Mostly Starlings and Goldeneyes, 12-26-17

I headed over to the American River Bend Park for a walk. It was 34º when I got there, and got up to about 53º when I headed back home.

I wasn’t expecting to see a lot – we’re kind of “between seasons” at the river; all of the birds haven’t migrated in yet and it hasn’t rained enough for the fungi to come out – but the walks themselves always do me good. When I first got there, a light fog was still hanging over the river, so I went to the shore first to try to get some photos of that. Since the flooding earlier this year, the water had receded enough so that the riverside trail was passable again. (At the height of the flood, the river was right up to the trailhead, and beaver had floated up to chew on trees that normally wouldn’t have access to.)

Here is the album of photos and video snippets.

The flood has left its mark, though, with toppled down trees, scraggly flotsam high in the scrub brush and branches of still-standing trees, and rearranged rocks and sandbars.
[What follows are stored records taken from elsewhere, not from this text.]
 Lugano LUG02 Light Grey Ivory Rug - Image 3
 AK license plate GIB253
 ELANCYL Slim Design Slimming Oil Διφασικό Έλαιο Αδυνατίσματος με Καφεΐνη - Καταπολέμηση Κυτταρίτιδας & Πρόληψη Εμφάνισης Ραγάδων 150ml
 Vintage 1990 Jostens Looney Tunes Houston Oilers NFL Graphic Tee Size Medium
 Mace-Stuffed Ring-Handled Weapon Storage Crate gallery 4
Still, the path was recognizable and I was able to make it through without incident. In places along the way, I could see the tracks of others who had walked along it: humans, dogs, deer, and what might have been a bobcat – fat rounded “fingers” with no toenails.
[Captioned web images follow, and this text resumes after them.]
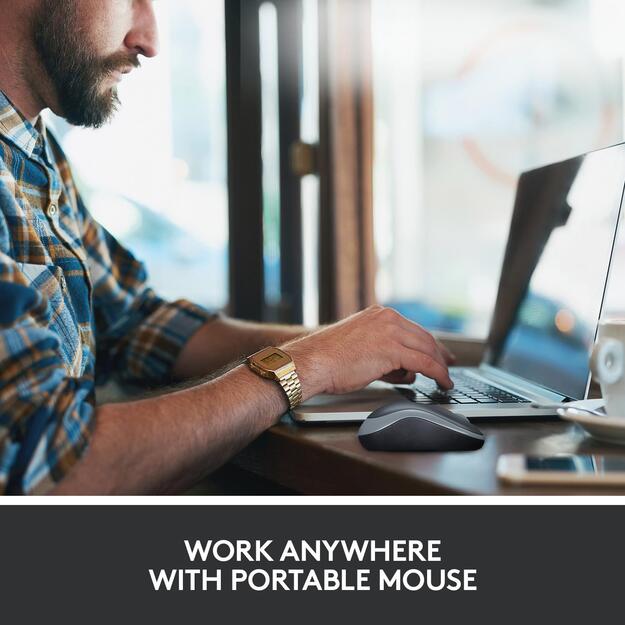 Kompiuterinė pelė belaidė OPTICAL WRL M185/GREY 910-002238 LOGITECH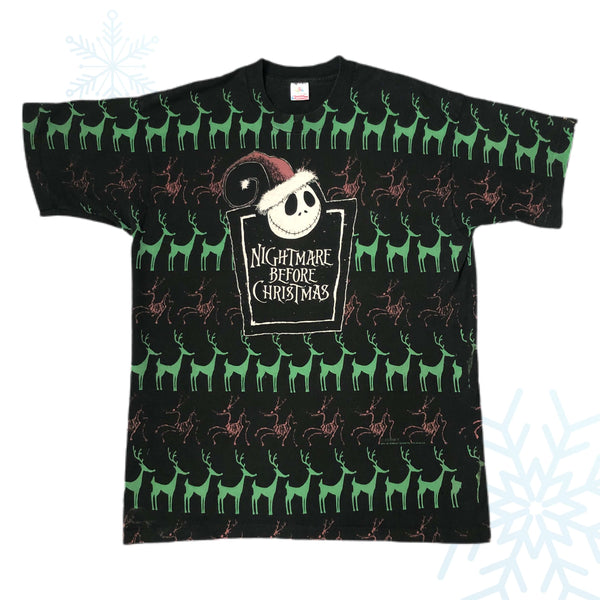 Vintage Disney 🎅 Before Santa Bad The Nightmare Christmas – Stanley T-Shirt DeSantis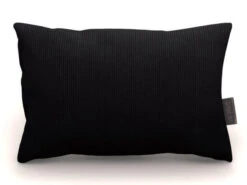 Outdoor Kissen Zierkissen Sunproof® Rib Black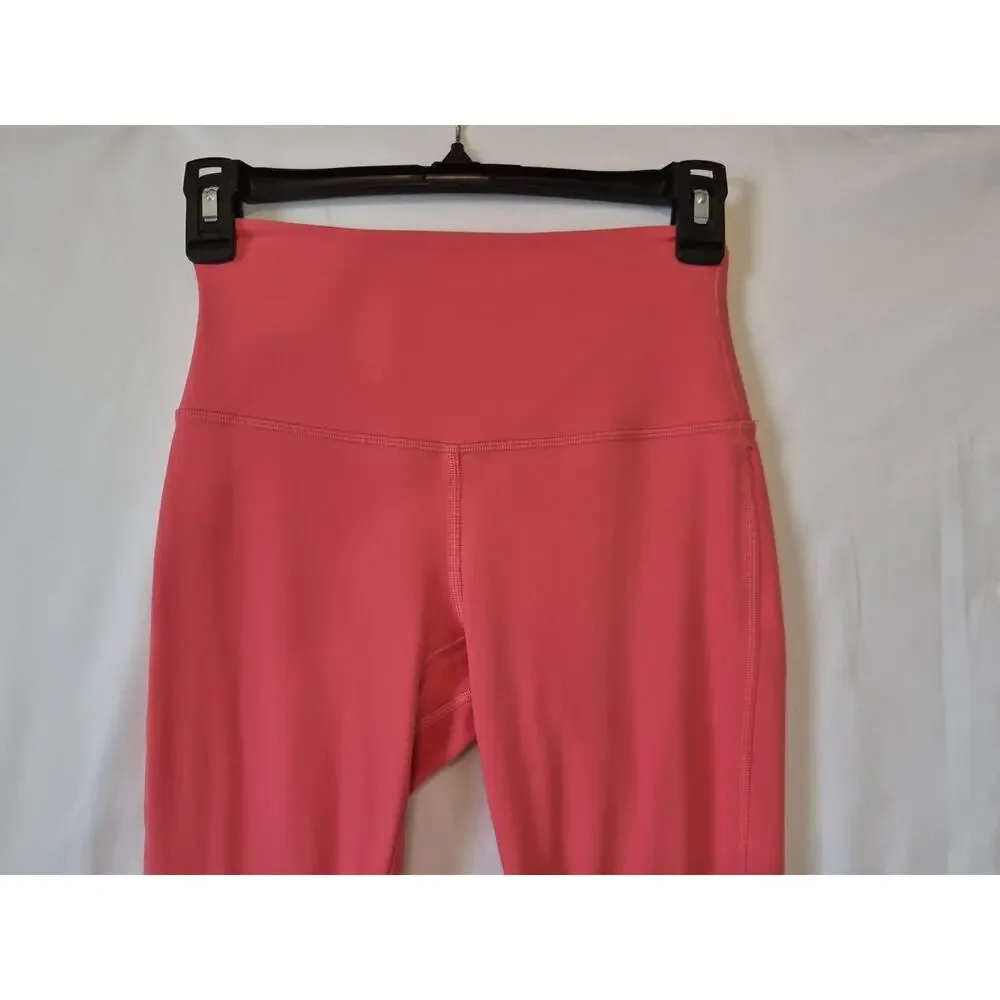 lululemon athletica Coral Pink High-Waist Leggings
The trail let out close to what’s now the riverside, but I had to walk over tons of river rocks to get to the water. The rocks are all smooth and beautiful, but are a pain for me to walk across. My arthritis is welding all the bones in my feet together, so my feet don’t bend like they normally should anymore. Traversing uneven ground is a misery for me, but the few photos I got of the fog and a few birds were worth it.
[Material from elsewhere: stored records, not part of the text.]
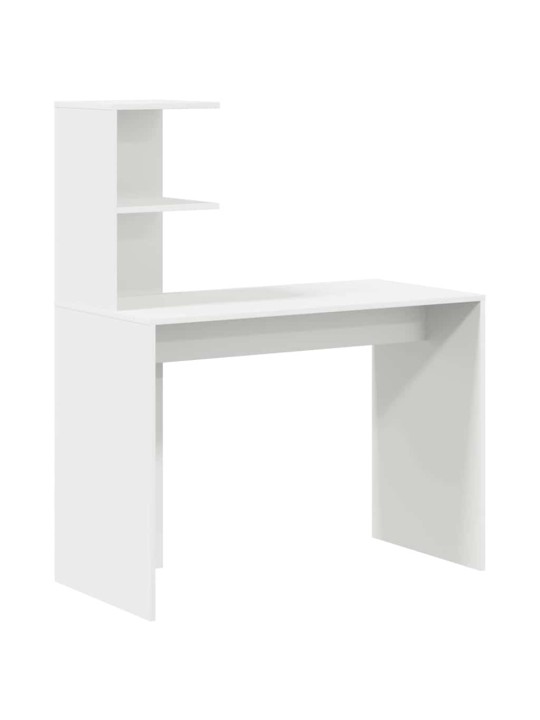Laud koos hoiuruumiga 2 tk valge 102 x 50 x 124 cm tehispuit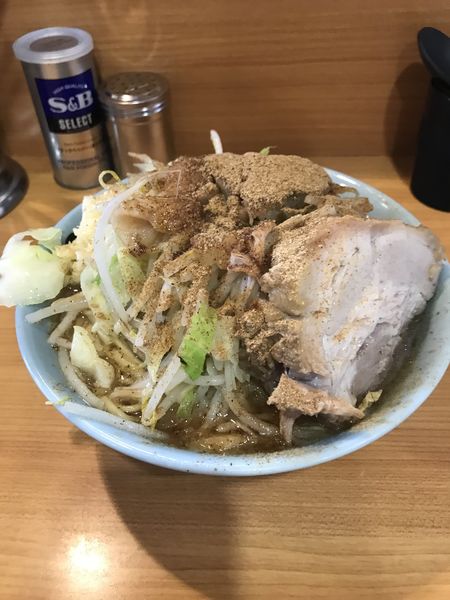 「小ラーメン(和風BB・ニンニク・アブラ)」@ラーメン二郎 八王子野猿街道店2の写真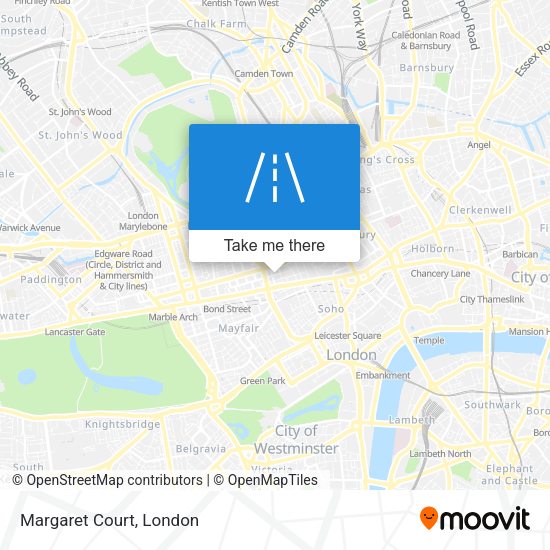 Margaret Court map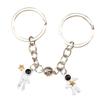2 Pieces Astronaut Spaceman Keyring Friendship Birthday Gift for Best Friends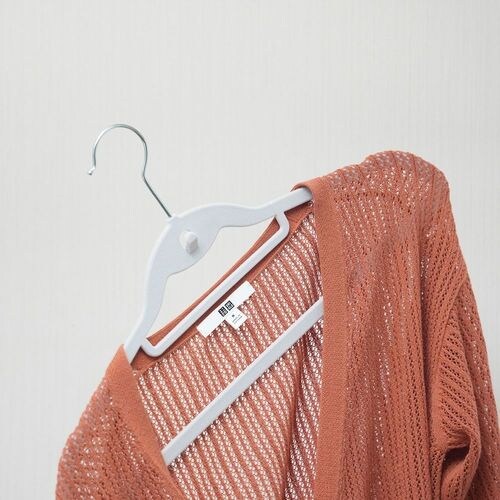 MC シャツハンガーフロッキー6本組 グレー×4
The first creature I saw was a young Herring Gull, preening at the very end of a sandbar. He looked cold and sleepy, waiting for the morning sun to burn through the fog some more so he could warm up. Further up the shore was a Great Blue Heron, puffed up and hunkered down against the chill in the air, but still keeping an eye on the water in case breakfast swam by.

A little further up was a female Common Merganser floating on the water. And then I saw the Goldeneye ducks: mostly females, but several males, too.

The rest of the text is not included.